# Problem
Beginning with the line that holds "Set of towels 6pcs Tamara Blue 70x140", copy each line through the end of the material below, exactly and with no pictures.

# Collected data
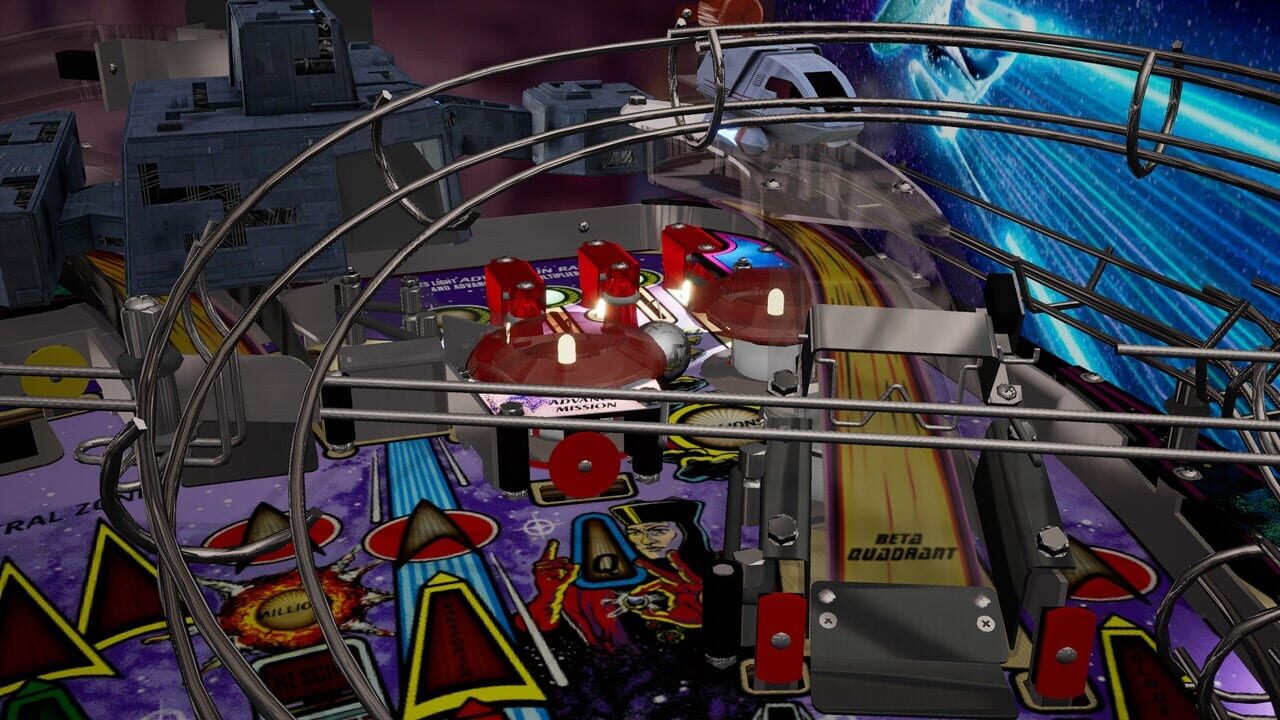 Screenshot for Pinball FX: Williams Pinball - Star Trek: The Next Generation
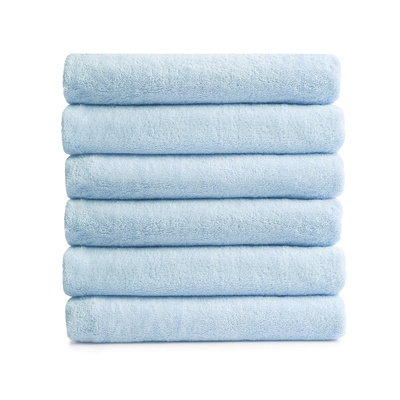 Set of towels 6pcs Tamara Blue 70x140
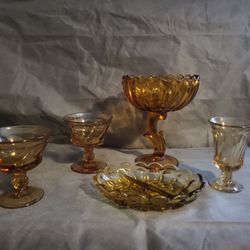 Amber Glassware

# Completed exercise
 Set of towels 6pcs Tamara Blue 70x140
 Amber Glassware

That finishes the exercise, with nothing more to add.